• TASK ITEM:
Begin at the line below that has "2017 Ford FUSION фото". Stop after the line that has "17 Lillie Street, Burleigh Waters QLD 4220", repeating each line exactly and leaving out the pictures.

• SUPPLIED DATA:

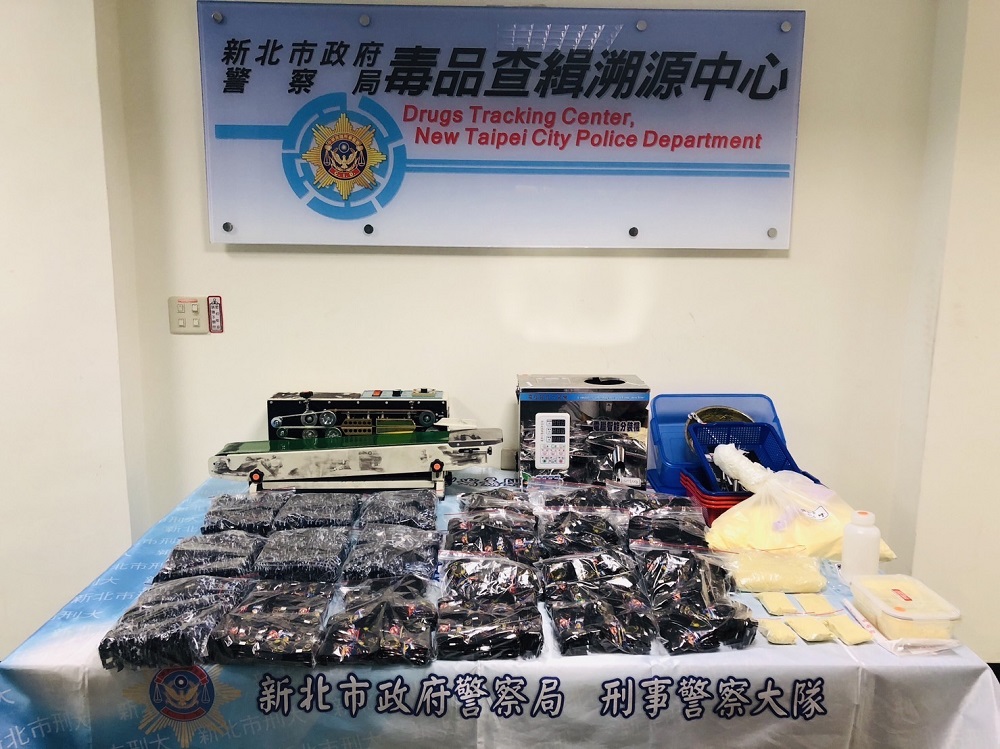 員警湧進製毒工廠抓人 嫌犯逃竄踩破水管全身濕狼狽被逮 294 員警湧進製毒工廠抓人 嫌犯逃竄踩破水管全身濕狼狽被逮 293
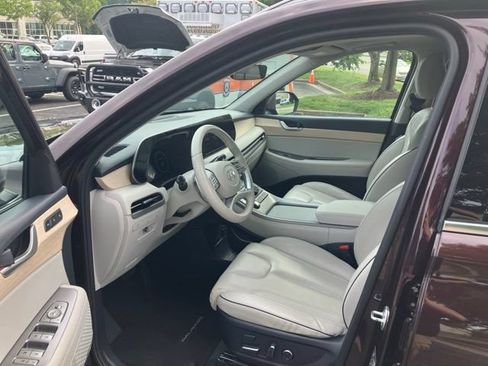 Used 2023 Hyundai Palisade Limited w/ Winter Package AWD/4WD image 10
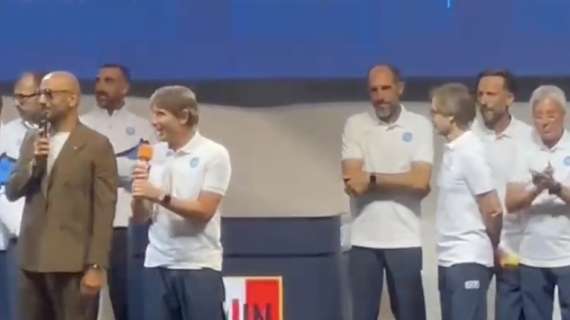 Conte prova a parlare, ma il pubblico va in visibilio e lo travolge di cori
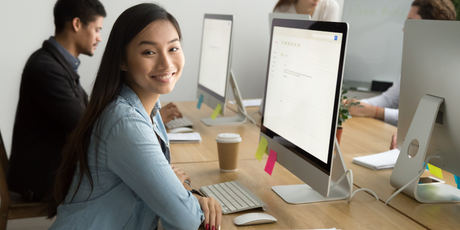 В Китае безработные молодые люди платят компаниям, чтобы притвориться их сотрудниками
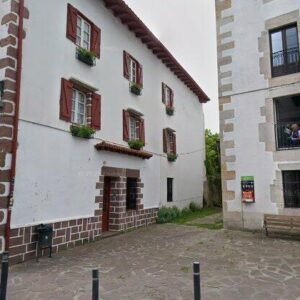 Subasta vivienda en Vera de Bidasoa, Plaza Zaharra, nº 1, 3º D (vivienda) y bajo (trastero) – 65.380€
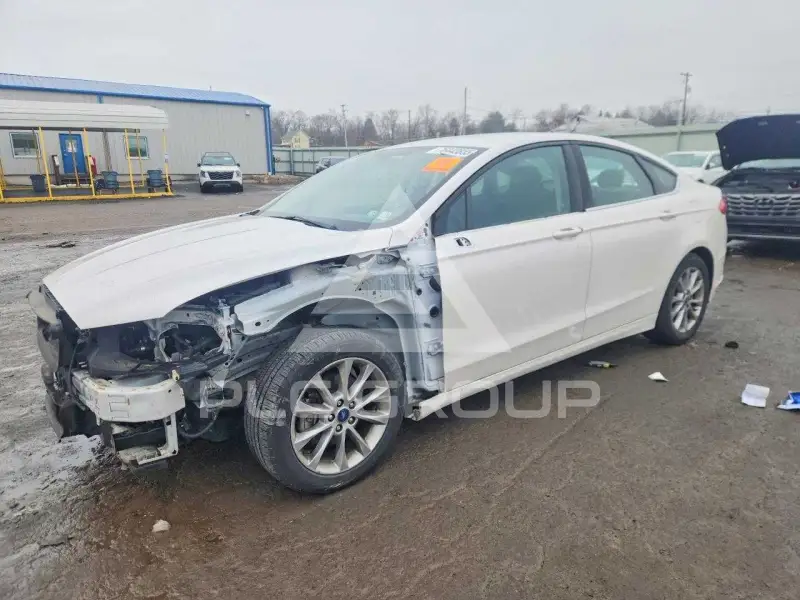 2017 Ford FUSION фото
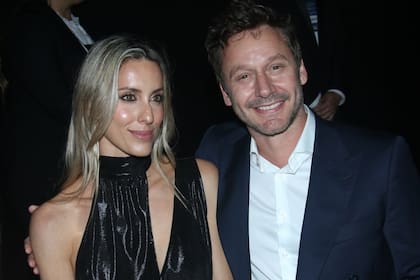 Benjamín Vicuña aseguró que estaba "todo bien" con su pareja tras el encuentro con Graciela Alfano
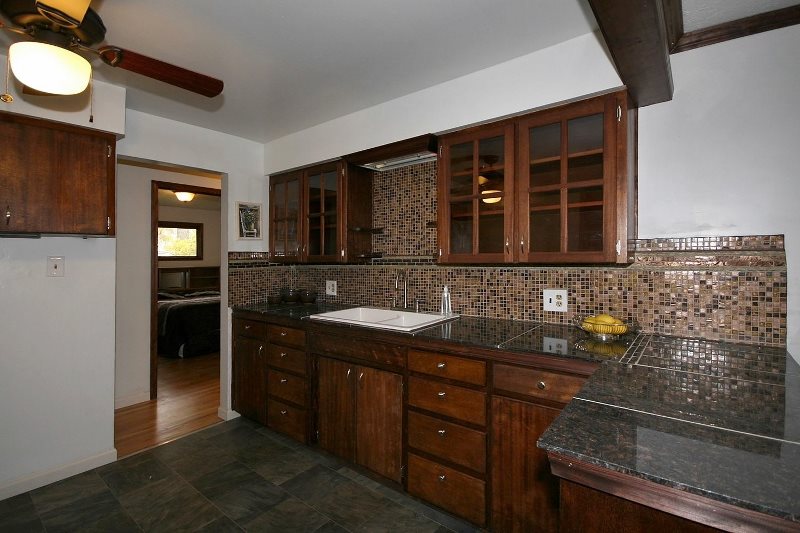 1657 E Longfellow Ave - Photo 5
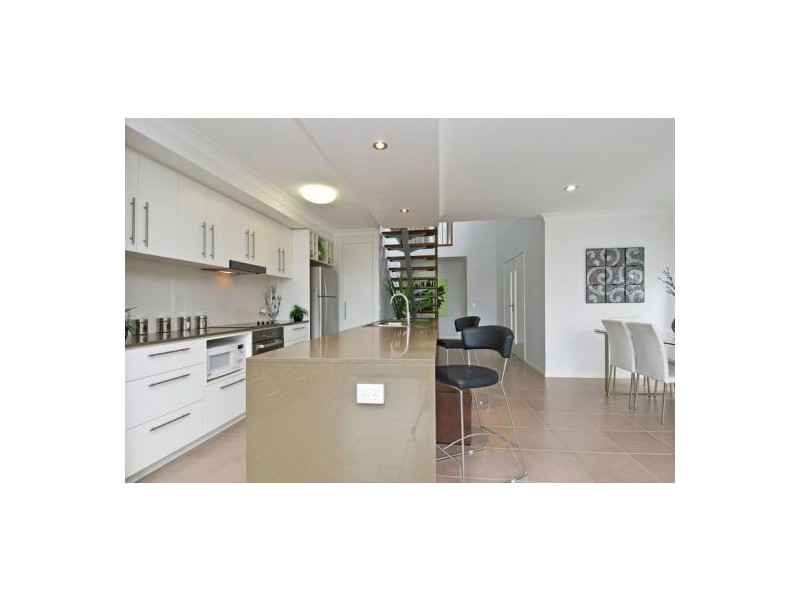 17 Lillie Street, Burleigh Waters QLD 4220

...

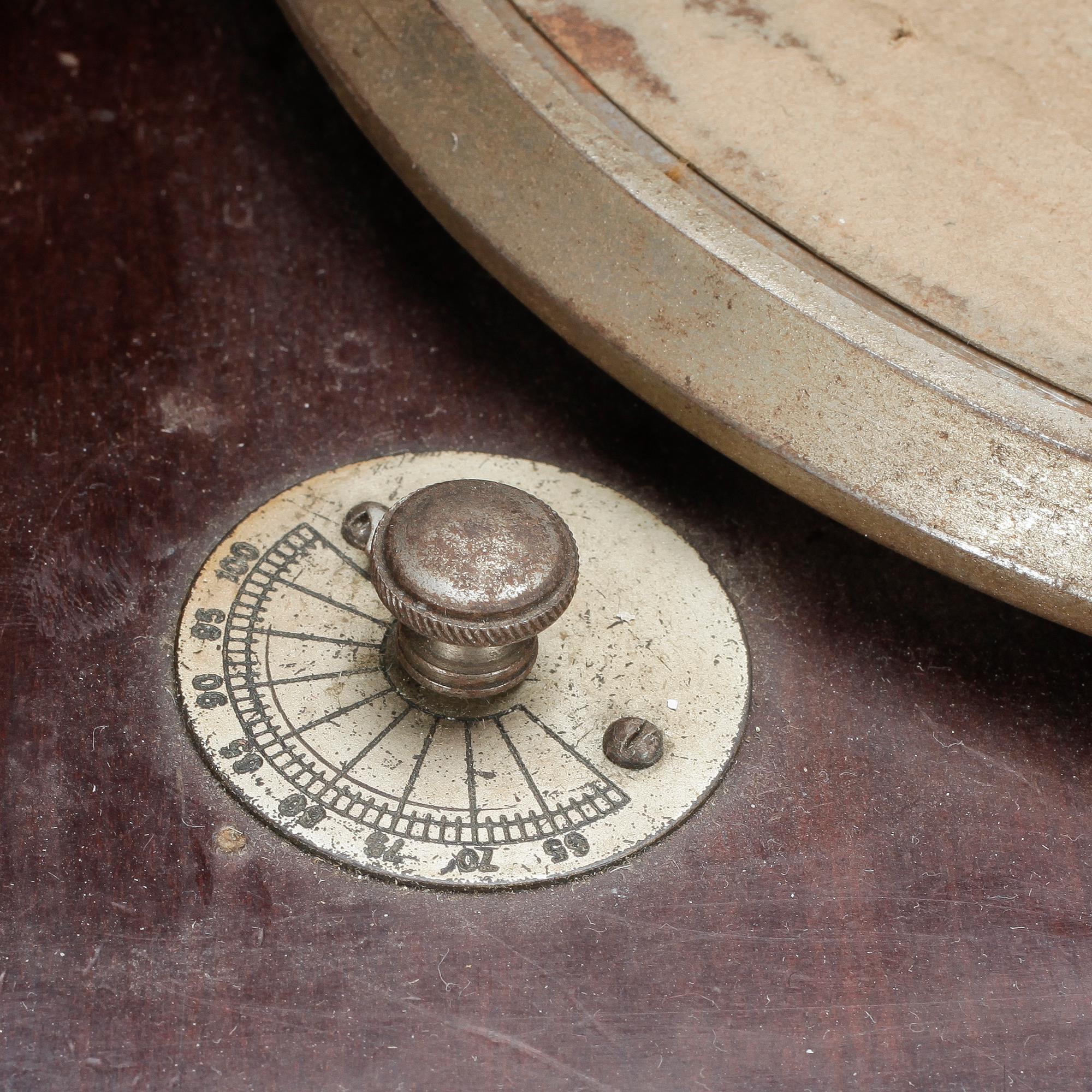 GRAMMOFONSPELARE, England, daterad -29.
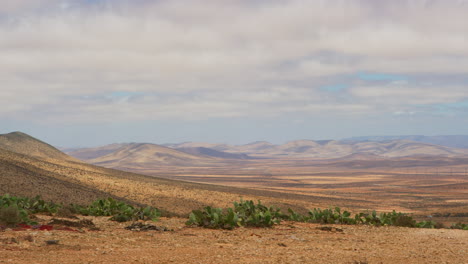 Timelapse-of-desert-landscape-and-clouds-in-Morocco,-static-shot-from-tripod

• EXERCISE RESPONSE:
 2017 Ford FUSION фото
 Benjamín Vicuña aseguró que estaba "todo bien" con su pareja tras el encuentro con Graciela Alfano
 1657 E Longfellow Ave - Photo 5
 17 Lillie Street, Burleigh Waters QLD 4220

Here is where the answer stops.